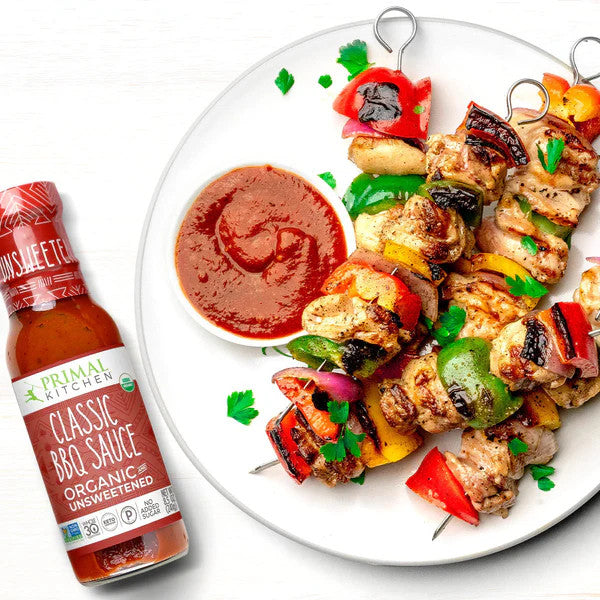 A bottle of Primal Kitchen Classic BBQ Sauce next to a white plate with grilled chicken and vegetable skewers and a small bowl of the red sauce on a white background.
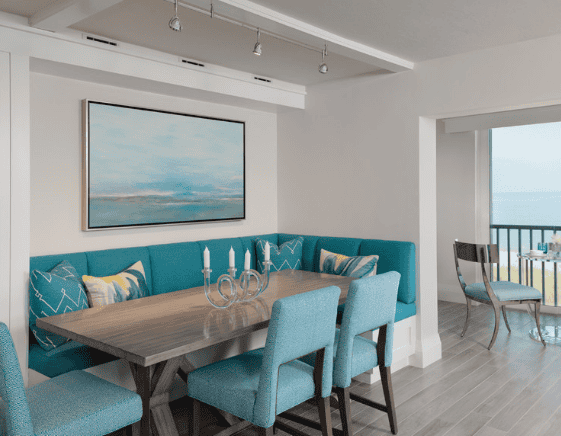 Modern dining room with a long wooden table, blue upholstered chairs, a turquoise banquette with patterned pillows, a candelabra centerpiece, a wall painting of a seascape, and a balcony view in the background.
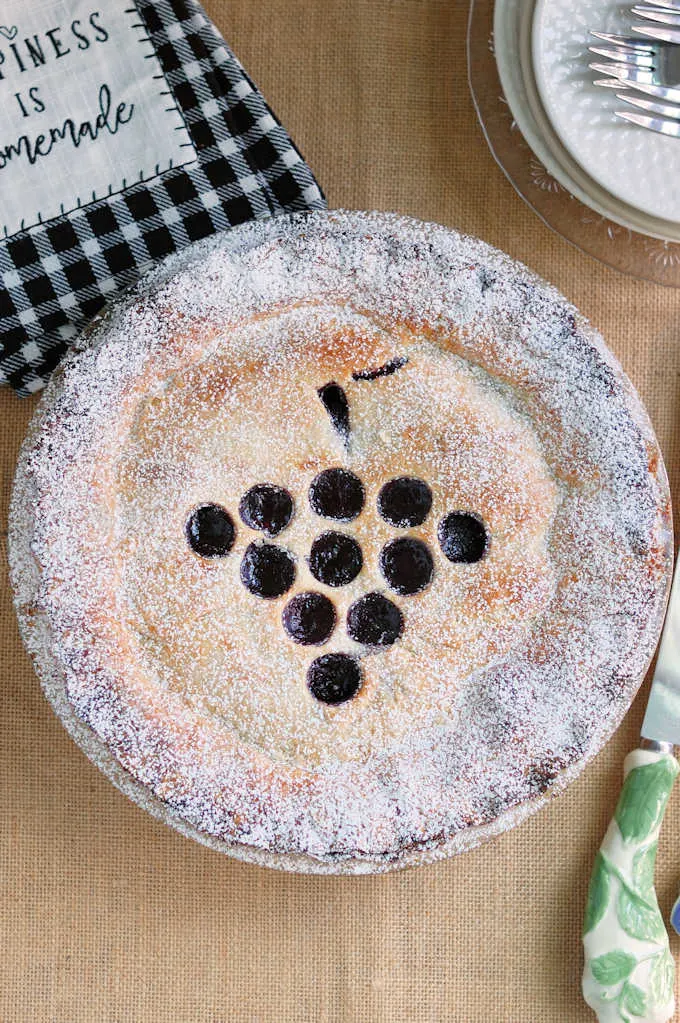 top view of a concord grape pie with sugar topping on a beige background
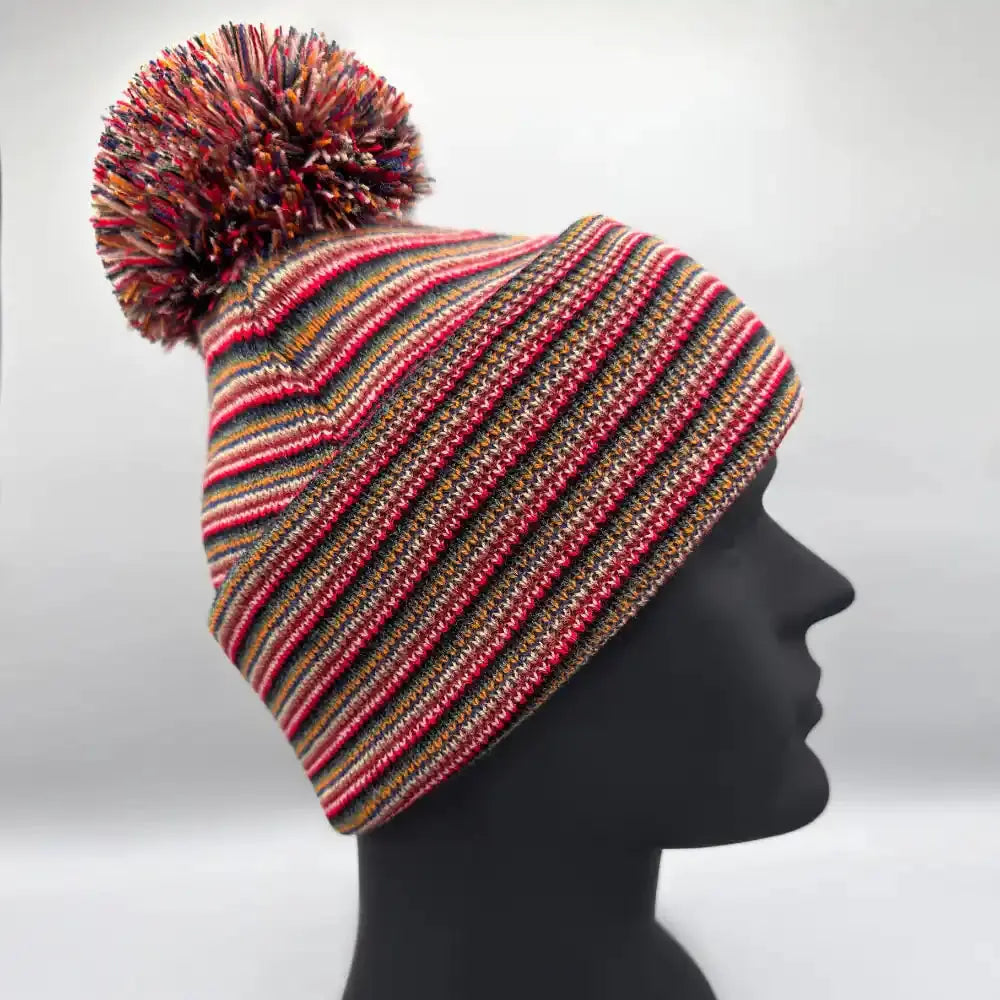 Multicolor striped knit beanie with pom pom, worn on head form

==

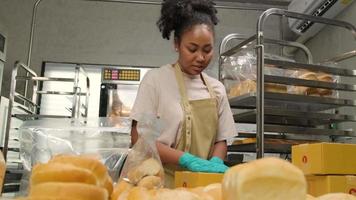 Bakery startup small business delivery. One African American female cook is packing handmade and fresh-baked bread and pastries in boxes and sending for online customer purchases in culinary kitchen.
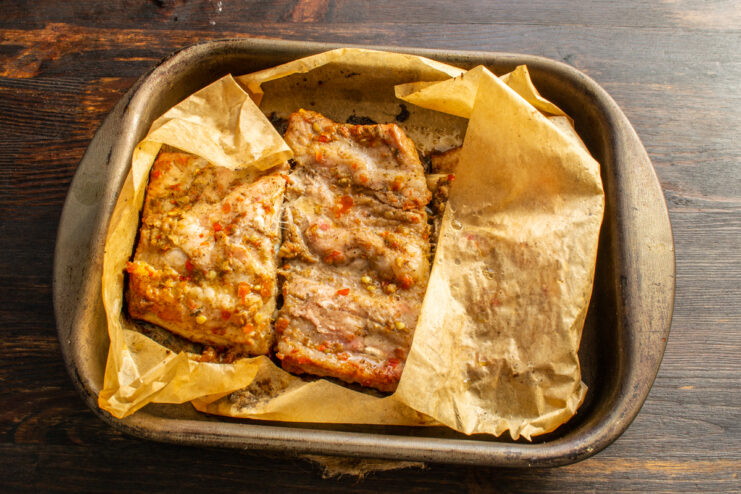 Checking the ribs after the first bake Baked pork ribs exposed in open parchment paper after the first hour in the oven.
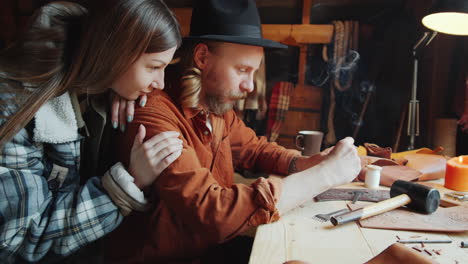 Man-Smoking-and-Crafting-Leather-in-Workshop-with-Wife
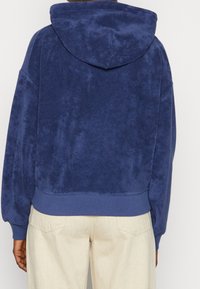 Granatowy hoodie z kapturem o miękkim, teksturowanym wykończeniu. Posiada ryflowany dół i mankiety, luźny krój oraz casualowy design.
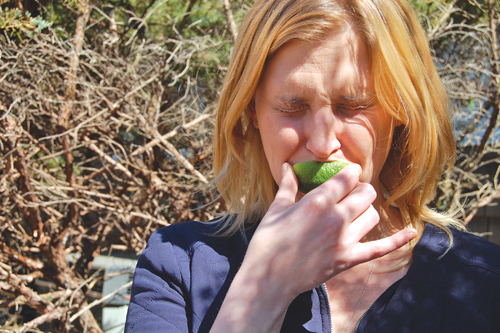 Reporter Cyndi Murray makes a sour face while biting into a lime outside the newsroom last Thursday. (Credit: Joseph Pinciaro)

* * *

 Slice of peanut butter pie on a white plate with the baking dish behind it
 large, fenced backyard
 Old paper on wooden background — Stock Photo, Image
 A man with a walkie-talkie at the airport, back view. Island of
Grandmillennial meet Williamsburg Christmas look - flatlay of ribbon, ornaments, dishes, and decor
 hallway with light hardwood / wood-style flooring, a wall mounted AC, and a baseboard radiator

* [Your goal]: Copy word for word only the lines above from the one with "Man-Smoking-and-Crafting-Leather-in-Workshop-with-Wife" through the one with "Reporter Cyndi Murray". Leave pictures out.

* [Response area]:
 Man-Smoking-and-Crafting-Leather-in-Workshop-with-Wife
 Granatowy hoodie z kapturem o miękkim, teksturowanym wykończeniu. Posiada ryflowany dół i mankiety, luźny krój oraz casualowy design.
 Reporter Cyndi Murray makes a sour face while biting into a lime outside the newsroom last Thursday. (Credit: Joseph Pinciaro)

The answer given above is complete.